Besides, it is not only Allah’s crazies who demonstrate a certain weakness of spirit.
In Idaho last May, eco-terrorists determined to save the planet broke eggs on the large cars on display at an automobile dealer. They also left a note (in the vein of: “down with fossil fuels!”) written on the back of the bill linked to the purchase of the eggs. Through the store’s surveillance camera, they were quickly tracked down.
Wicked Omelet
Surely, all of this is laughable—provided that one does not find oneself, for example, on one of the aforementioned planes. But within the American Secret Service, nobody finds these incidents funny. That is for two reasons.

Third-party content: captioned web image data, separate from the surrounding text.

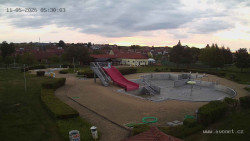 Koupaliště Hluk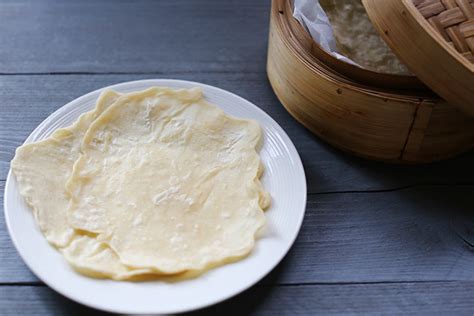 4 ingredients Peking duck pancakes - The Tortilla Channel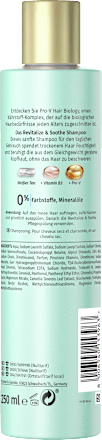 Meno Balance Revitalisierendes & Beruhigendes Shampoo hair biology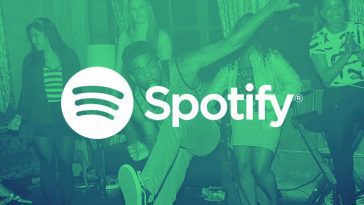 Spotify streaming serviço utilizadores música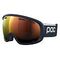 POC Fovea, Apatite Navy + Clarity Intense Partly Sunny Orange
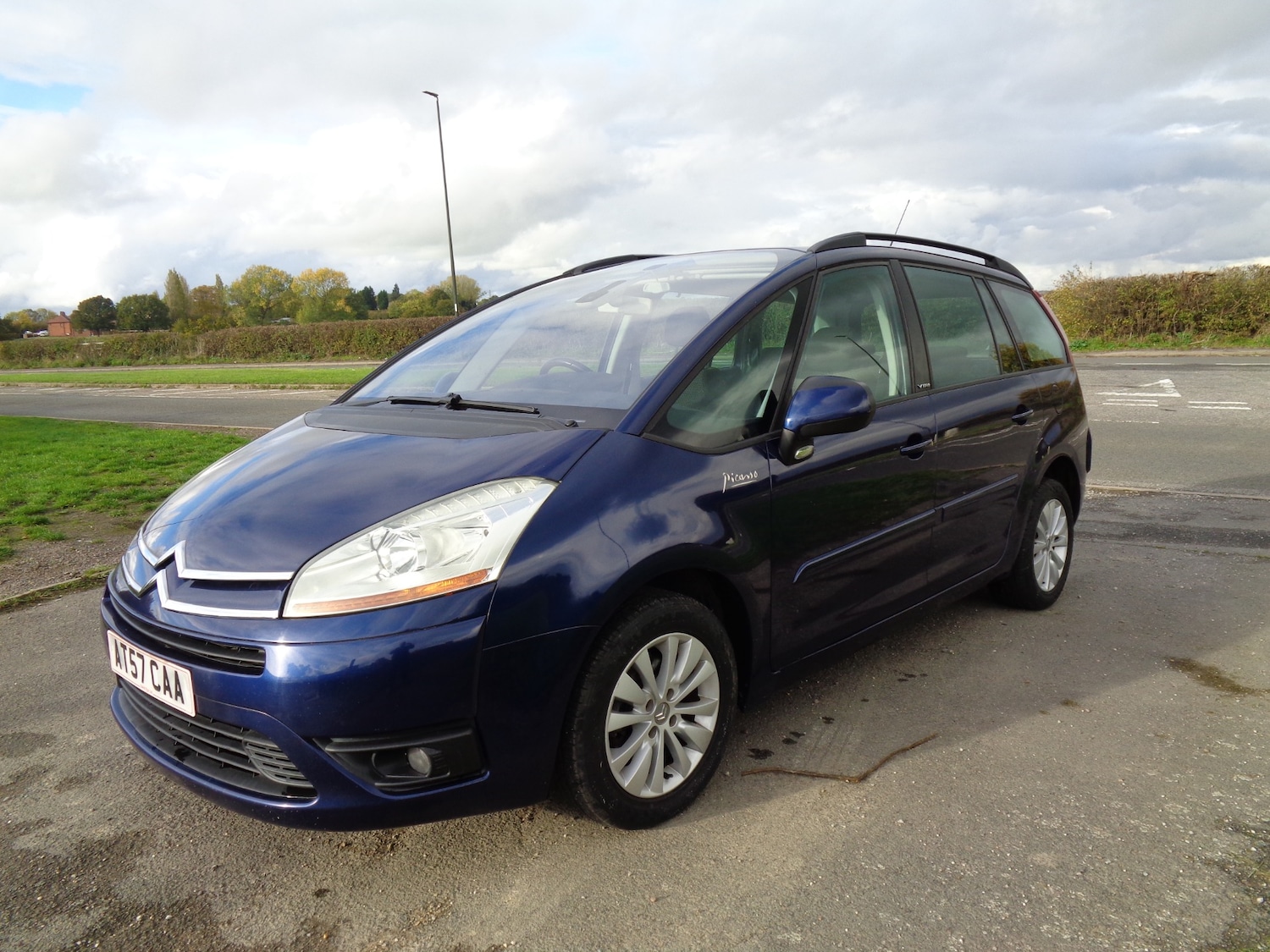 Used Citroen C4 Grand Picasso 2008 for sale - 76329755: Photo 3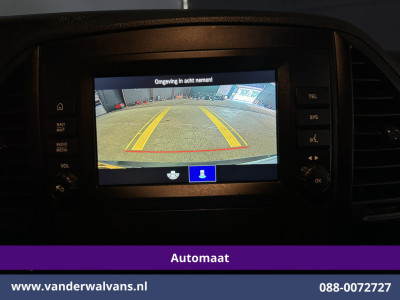 Mercedes-Benz Vito 119 CDI 190pk Automaat 4x4 L2H1 Euro6 Airco | Camera | Apple Carplay | Cruisecontrol Android Auto, Parkeersensoren, Stoelverwarming, Bijrijdersbank 2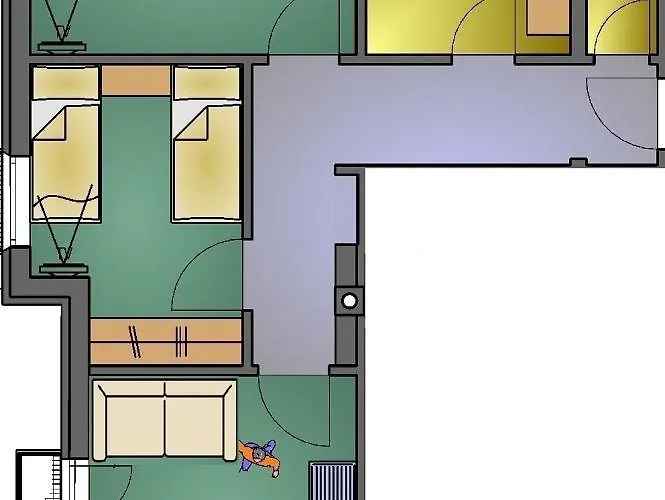 Chasa Sulai Appartamento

The first lies in the fact that the ‘pants bomber’ in particular brought attention to the very serious errors of counter-terrorism. To have not paid enough attention to what was going on in Yemen is one of them: the situation there has deteriorated so far that Washington and London judged it prudent to close their embassies in Sanaa yesterday. Another persistent error: the inability of the Secret Service to coordinate its activities and transmit information.
The Americans affirm that a dozen al-Qaeda “cadres” directly under Bin Laden and al-Zawahiri have been liquidated over the past 2 years. But to identify the free electrons of terrorism—these amateurs who pop up all over the place, practically without any organizational ties—is more difficult.
That they are amateurs is in this circumstance is somewhat of a blessing.